The FCA is considering reducing pension transfer qualification requirements as the industry grapples with access to advice post-Budget, Money Marketing understands.
The issue of pension transfer advice was brought to the fore after Chancellor George Osborne announced reforms which will grant savers greater freedom over how they spend their retirement pot.
The Government has already proposed mandating advice for defined benefit to defined contribution transfers in the wake of the Budget.
And sources at compliance networks and providers indicate they are expecting the FCA to communicate a relaxation in their interpretation of existing legislation for transfers from occupational DC schemes to drawdown arrangements.
Experts say the change, if implemented, will iron out a long-standing anomaly in the regulator’s pension transfer rules and allow more people to access advice.
But will savers be exposed to greater risks as a result? And are advisers willing to accept the compliance burden associated with this notoriously complex area of the market?
Emails seen by Money Marketing show Standard Life has recently told advisers transfers from an occupational DC scheme “for the purposes of immediately entering drawdown” require the adviser to have the FCA’s pension transfer and opt-out permissions.
It says: “The FCA have indicated that they do consider transfers of occupational pension schemes for the purposes of immediately entering drawdown as pension transfers. Based on their interpretation, any such transfers would require the “advising on pension transfers and opt-outs” permission.
“The FCA have indicated to us that they will communicate to the industry on this point although we remain unclear as to when any new guidance will be published.”
A spokeswoman says: “We are not able to comment on a specific exchange with an adviser but this is an area where we seek clarity.”
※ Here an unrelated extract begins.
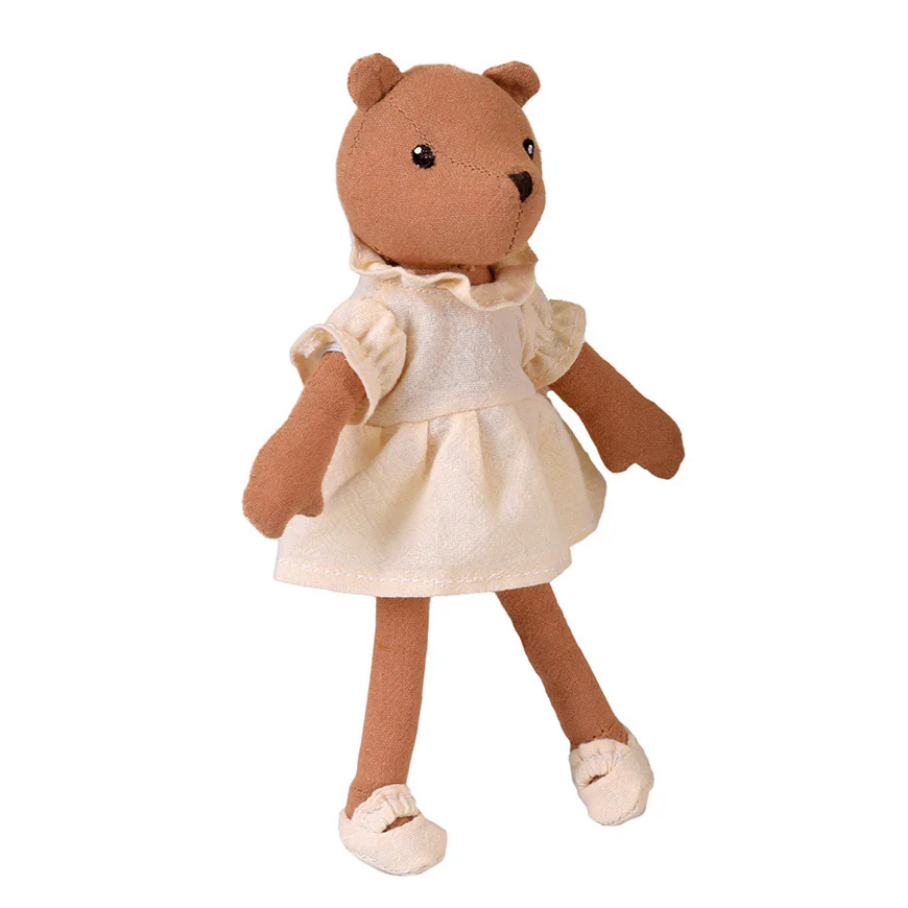 Stuffed teddy bear wearing a white dress on a white background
It is understood the FCA is considering a move that could see it clarify advisers do not require transfer and opt-out permissions for occupational DC to drawdown transfers.
Money Marketing understands the FCA is considering amending existing rules. No changes have yet occurred, however, and sources say the ongoing review may or may not result in an industry update.
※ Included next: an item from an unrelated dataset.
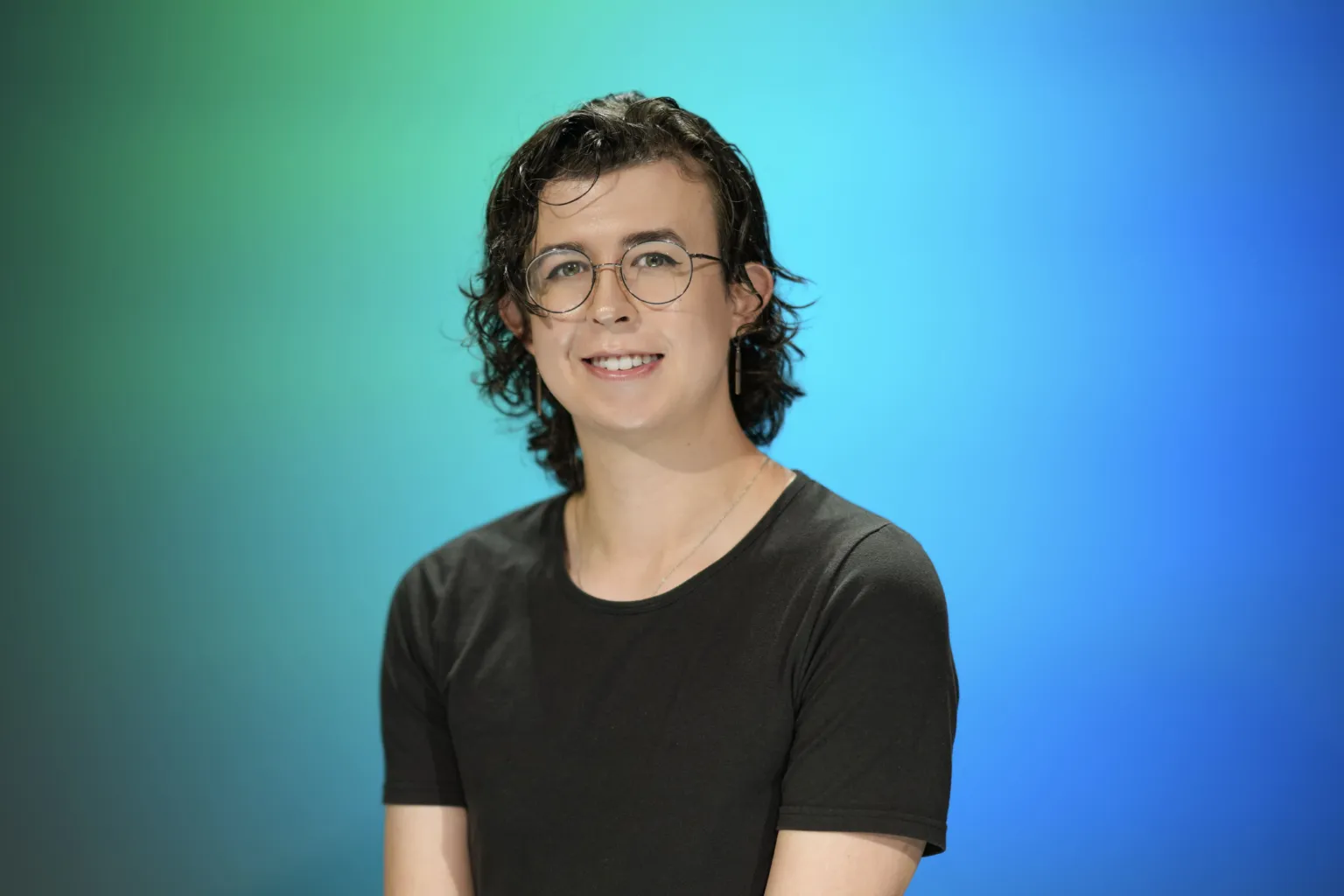 A person with curly hair and glasses smiles while wearing a black shirt, set against a blue-green background.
Interpretations of the current rules governing DC to drawdown transfers are understood to have differed across the industry, with some firms viewing such transfers as permissible without transfer and opt-out permissions.
Compliance firms and providers have made enquiries to clarify the situation with the FCA.
A spokeswoman for the FCA declined to comment in detail other than to say the regulator was “aware of the issue” and confirm that no rule changes had yet been enacted.
Experts say the new pension freedoms introduced in the Budget may not be accessible for many if the advice hurdle is too high.
Last month, experts raised concerns mandating advice for DB to DC transfers may mean consumers with smaller pension pots that want to quit their DB scheme may find they struggle to pay for advice.
Now providers say requiring pension transfer and opt-out permissions of advisers working on occupational DC transfers also risks pricing consumers out of the new pension freedoms.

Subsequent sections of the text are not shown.